Asking the model to "search" the context: Prompts like "search the context for information about X" confuse generation with retrieval. The model sees all context simultaneously — it doesn't search. Just ask the question.
Worked example: customer support RAG
Here's the full prompt chain for a customer support system:
Stage 1 — Query rewriting (runs before retrieval)
The user sent this support message: "{raw_message}"
Rewrite it as a clear, specific search query that would retrieve the most
relevant help documentation. Remove conversational filler. Preserve all
technical details, error messages, and product names exactly as stated.
Output only the rewritten query.
Stage 2 — Reranking the top 10 chunks
Is this documentation chunk relevant to answering: "{rewritten_query}"?
Chunk: "{chunk}"
Answer with only YES or NO.
Filter to YES chunks, then pass top 5 to generation.
Stage 3 — Generation
You are a customer support agent for Acme Corp. Answer the customer's
question using only the documentation provided. Be warm but concise.

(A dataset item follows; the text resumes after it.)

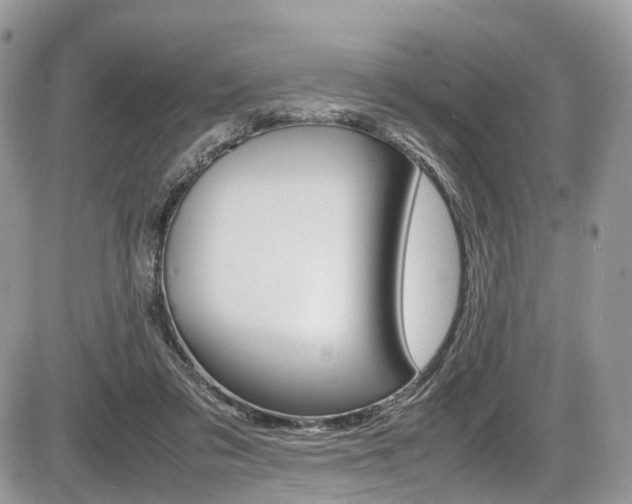 X0000087420309200704201052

If the documentation doesn't cover their issue, apologize and provide
the support email: support@acme.com.
Documentation:
{relevant_chunks}
Customer message: {raw_message}
Three prompts, each doing one job. This structure makes debugging straightforward: if answers are wrong, check which stage is failing by logging intermediate outputs.
Metrics to track
You can't improve what you don't measure. Three metrics cover the essentials:
Faithfulness: Is the answer supported by the retrieved context? Check this manually on a 50-question eval set, or use an LLM-as-judge prompt. Target >90% faithfulness before shipping.
Context relevance: Are the retrieved chunks actually relevant to the query? Score each retrieved chunk — a high-quality pipeline should have >70% of retrieved chunks be directly relevant.

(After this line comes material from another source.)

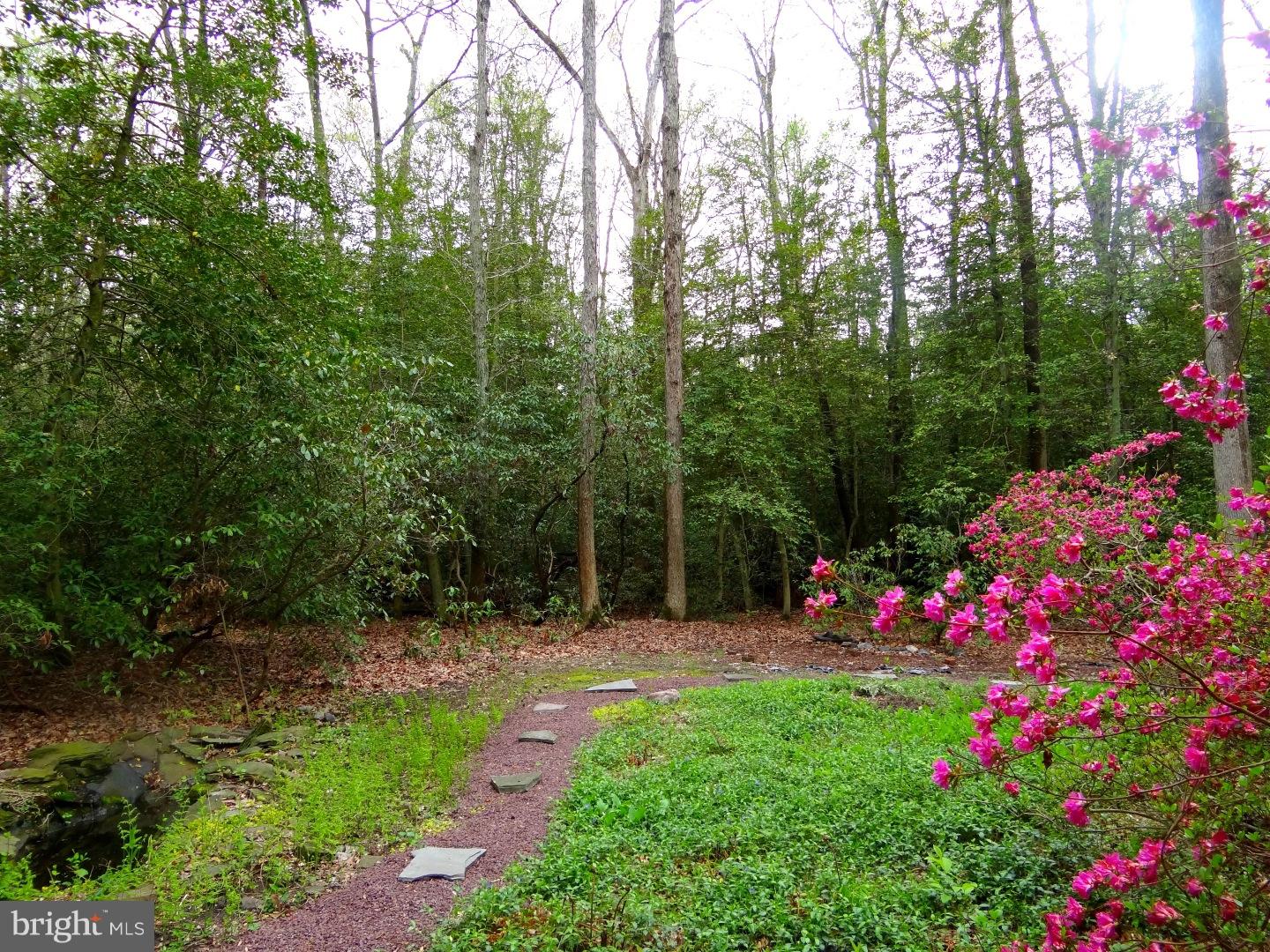 143 Ridge Road Vincentown, NJ 08088 - Photo 16 of 16 Exterior Back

Answer relevance: Does the final answer actually address what was asked? This is distinct from faithfulness (an answer can be faithful to the context but still not answer the question).
The RAG lesson covers the fundamentals of how retrieval-augmented generation works at the architecture level. The how-rag-works post goes deeper on the vector similarity mechanics. This post is specifically about the prompt layer — what you can control without touching the retrieval infrastructure.
Most RAG systems ship with weak query-side prompting and decent generation prompting. The easiest wins are on the retrieval side: add HyDE, add query decomposition for compound questions, add a reranking step. You'll see measurable accuracy improvements without changing a single line of your generation prompt or switching models.
Fix the retrieval. Then worry about the generation.